- Simplified Chinese: 城陵矶
- Traditional Chinese: 城陵磯

Standard Mandarin
- Hanyu Pinyin: Chénglíng jī

= Chenglingji =

Rock in Anhui, China

Chenglingji (城陵矶 (城陵磯, Chénglíng jī)) is a large rock located at the confluence of Dongting Lake and the Yangtze, within Yueyanglou District, Yueyang, Hunan. It is one of the three most famous rocks in the Yangtze, together with Caishi Rock and Swallow Rock. Nowadays, Chenglingji Port located here is the largest port in Hunan, and a major stop for traffic in Hunan as well as along the Yangtze.

==Geography==
Chenglingji is located on the southern bank of the Yangtze, and towards the east of the discharge channel of Dongting Lake. Bajiao Lake is located towards the east.

Chenglingji Hydrological Station is an important hydrological station on the course of the Yangtze. Beginning in 1904, records of water levels were taken regularly here, making it the longest serving hydrological station on the Yangtze, on par with Hankou Hydrological Station. The water level at Chenglingji is taken as a reference for the severity of the Yangtze floods, such as in 1954 and 1998. The water level of 33.0 meters is the alert level for flooding in the Dongting Lake and midstream Yangtze regions.

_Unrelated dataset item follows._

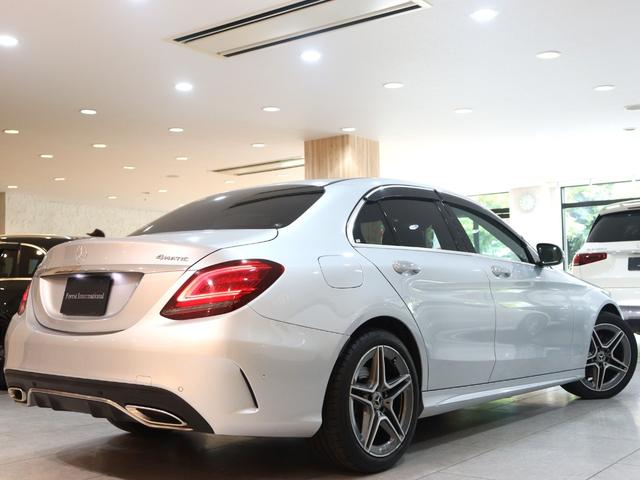 MERCEDES BENZ C-CLASS C200 4MATIC AVANTGARDE AMG LINE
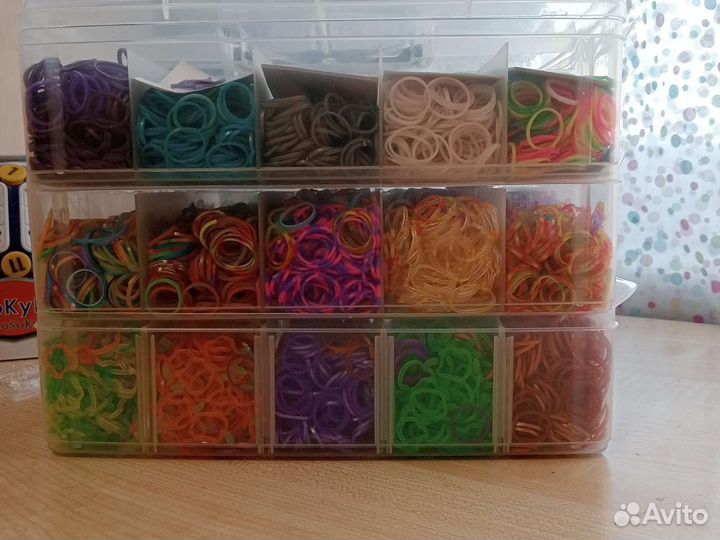 Набор резинок для плетения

In 1979, the Baiji was still able to be seen around here. In 1992, one of the five Baiji Protection Stations was established here at Chenglingji.

==History==
Since the Northern Wei Dynasty (386-534 AD), Chengling Rock was already documented:

江之右岸有城陵山，山有古城。
 On the right [south] bank of the Yangtze, there exists Chengling Hill, with an old city there.

By the Ming Dynasty, it was a bustling city of trade, and was nicknamed "Little Nanjing" by people in the region. During the Xianfeng era, the value of tea leaves from Hunan and Hubei handled by the port was worth 10 million taels of silver.

==Port==
The port at Yuezhou (today's Yueyang, Hunan) was established by decree in the 25th year of the Guangxu era (1899 AD). The port was located at Chenglingji, and served as the main trade connection between the Yangtze and Xiang River with the wider world.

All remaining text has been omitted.